--- Exercise goal ---
Among the records below, find the line that has "Volvo C70 Rear"; from there, give the lines again exactly, and stop after the line that has "Kia Stonic 1.2".

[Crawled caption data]

******************************

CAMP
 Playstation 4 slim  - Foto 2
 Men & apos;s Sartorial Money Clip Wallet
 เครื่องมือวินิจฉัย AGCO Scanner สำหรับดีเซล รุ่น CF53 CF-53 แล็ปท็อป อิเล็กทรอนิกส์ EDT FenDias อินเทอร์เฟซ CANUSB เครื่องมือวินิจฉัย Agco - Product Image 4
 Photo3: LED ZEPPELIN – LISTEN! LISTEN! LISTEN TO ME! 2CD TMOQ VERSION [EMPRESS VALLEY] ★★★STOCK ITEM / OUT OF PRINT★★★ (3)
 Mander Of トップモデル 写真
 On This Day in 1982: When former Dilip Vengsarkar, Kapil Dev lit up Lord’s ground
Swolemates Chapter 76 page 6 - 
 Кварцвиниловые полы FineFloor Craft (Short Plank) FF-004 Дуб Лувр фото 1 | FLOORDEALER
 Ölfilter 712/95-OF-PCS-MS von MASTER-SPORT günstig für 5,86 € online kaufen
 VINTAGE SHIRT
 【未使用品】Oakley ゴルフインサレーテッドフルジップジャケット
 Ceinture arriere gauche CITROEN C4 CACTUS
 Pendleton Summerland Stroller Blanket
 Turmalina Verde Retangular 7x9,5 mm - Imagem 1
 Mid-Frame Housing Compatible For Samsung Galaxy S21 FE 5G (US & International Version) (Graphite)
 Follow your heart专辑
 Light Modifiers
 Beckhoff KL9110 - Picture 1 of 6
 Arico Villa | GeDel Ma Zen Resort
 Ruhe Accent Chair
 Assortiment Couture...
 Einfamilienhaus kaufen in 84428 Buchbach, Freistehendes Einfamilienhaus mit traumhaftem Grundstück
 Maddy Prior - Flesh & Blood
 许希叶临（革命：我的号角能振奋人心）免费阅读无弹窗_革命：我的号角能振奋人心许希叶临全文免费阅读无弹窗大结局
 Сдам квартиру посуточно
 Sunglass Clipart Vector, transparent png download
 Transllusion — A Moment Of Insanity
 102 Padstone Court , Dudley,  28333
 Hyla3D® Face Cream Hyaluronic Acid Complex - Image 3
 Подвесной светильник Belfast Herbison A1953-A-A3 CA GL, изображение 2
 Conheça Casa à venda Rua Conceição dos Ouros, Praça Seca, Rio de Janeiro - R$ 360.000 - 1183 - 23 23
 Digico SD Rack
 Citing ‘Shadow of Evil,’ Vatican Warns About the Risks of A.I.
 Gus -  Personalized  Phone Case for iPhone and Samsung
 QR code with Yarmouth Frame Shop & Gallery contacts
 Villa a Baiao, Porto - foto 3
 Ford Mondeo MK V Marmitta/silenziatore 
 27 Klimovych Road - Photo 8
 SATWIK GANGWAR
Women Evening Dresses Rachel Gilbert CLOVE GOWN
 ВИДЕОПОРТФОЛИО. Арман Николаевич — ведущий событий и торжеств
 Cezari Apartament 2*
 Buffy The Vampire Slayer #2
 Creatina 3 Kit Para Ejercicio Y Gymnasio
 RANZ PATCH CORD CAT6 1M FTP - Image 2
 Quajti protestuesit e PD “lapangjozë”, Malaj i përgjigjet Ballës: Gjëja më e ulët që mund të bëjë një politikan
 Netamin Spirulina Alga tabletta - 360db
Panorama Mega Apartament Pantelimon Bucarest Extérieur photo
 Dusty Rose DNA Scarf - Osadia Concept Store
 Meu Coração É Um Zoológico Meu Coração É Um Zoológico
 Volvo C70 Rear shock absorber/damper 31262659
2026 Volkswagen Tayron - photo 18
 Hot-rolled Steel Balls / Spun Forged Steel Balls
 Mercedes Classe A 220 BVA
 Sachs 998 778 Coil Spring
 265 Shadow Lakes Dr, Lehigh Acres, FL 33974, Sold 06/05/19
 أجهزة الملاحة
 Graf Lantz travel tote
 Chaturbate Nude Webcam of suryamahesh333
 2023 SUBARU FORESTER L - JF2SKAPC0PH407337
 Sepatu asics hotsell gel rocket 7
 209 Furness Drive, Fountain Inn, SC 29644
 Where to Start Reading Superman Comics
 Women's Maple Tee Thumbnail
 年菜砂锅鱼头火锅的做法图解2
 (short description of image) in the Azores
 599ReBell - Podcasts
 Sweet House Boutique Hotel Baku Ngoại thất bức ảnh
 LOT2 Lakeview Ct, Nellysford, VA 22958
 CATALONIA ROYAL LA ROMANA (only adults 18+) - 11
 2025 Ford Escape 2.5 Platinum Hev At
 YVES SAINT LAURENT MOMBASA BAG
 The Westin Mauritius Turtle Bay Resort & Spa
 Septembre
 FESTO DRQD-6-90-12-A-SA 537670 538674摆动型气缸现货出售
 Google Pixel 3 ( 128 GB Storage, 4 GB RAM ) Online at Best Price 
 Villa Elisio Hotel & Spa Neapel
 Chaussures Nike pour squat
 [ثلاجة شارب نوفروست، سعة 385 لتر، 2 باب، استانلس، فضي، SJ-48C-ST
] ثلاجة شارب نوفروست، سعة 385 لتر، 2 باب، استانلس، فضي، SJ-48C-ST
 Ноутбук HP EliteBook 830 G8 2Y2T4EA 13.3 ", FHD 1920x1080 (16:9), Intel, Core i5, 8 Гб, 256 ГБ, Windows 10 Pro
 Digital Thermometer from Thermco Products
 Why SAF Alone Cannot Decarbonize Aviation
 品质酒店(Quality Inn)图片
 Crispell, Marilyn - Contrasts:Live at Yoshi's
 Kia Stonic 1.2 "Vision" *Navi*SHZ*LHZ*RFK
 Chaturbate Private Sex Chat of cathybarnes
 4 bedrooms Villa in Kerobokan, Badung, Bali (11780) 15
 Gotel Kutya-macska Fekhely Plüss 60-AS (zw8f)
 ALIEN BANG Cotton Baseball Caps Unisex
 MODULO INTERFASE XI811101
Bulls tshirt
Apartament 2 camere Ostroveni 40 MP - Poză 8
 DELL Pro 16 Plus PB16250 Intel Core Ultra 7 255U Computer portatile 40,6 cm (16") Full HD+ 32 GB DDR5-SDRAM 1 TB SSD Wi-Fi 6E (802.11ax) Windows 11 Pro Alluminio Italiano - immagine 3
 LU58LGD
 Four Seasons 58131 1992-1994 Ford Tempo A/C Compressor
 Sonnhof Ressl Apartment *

******************************

--- Answer to this exercise ---
 Volvo C70 Rear shock absorber/damper 31262659
2026 Volkswagen Tayron - photo 18
 Hot-rolled Steel Balls / Spun Forged Steel Balls
 Mercedes Classe A 220 BVA
 Sachs 998 778 Coil Spring
 265 Shadow Lakes Dr, Lehigh Acres, FL 33974, Sold 06/05/19
 أجهزة الملاحة
 Graf Lantz travel tote
 Chaturbate Nude Webcam of suryamahesh333
 2023 SUBARU FORESTER L - JF2SKAPC0PH407337
 Sepatu asics hotsell gel rocket 7
 209 Furness Drive, Fountain Inn, SC 29644
 Where to Start Reading Superman Comics
 Women's Maple Tee Thumbnail
 年菜砂锅鱼头火锅的做法图解2
 (short description of image) in the Azores
 599ReBell - Podcasts
 Sweet House Boutique Hotel Baku Ngoại thất bức ảnh
 LOT2 Lakeview Ct, Nellysford, VA 22958
 CATALONIA ROYAL LA ROMANA (only adults 18+) - 11
 2025 Ford Escape 2.5 Platinum Hev At
 YVES SAINT LAURENT MOMBASA BAG
 The Westin Mauritius Turtle Bay Resort & Spa
 Septembre
 FESTO DRQD-6-90-12-A-SA 537670 538674摆动型气缸现货出售
 Google Pixel 3 ( 128 GB Storage, 4 GB RAM ) Online at Best Price 
 Villa Elisio Hotel & Spa Neapel
 Chaussures Nike pour squat
 [ثلاجة شارب نوفروست، سعة 385 لتر، 2 باب، استانلس، فضي، SJ-48C-ST
] ثلاجة شارب نوفروست، سعة 385 لتر، 2 باب، استانلس، فضي، SJ-48C-ST
 Ноутбук HP EliteBook 830 G8 2Y2T4EA 13.3 ", FHD 1920x1080 (16:9), Intel, Core i5, 8 Гб, 256 ГБ, Windows 10 Pro
 Digital Thermometer from Thermco Products
 Why SAF Alone Cannot Decarbonize Aviation
 品质酒店(Quality Inn)图片
 Crispell, Marilyn - Contrasts:Live at Yoshi's
 Kia Stonic 1.2 "Vision" *Navi*SHZ*LHZ*RFK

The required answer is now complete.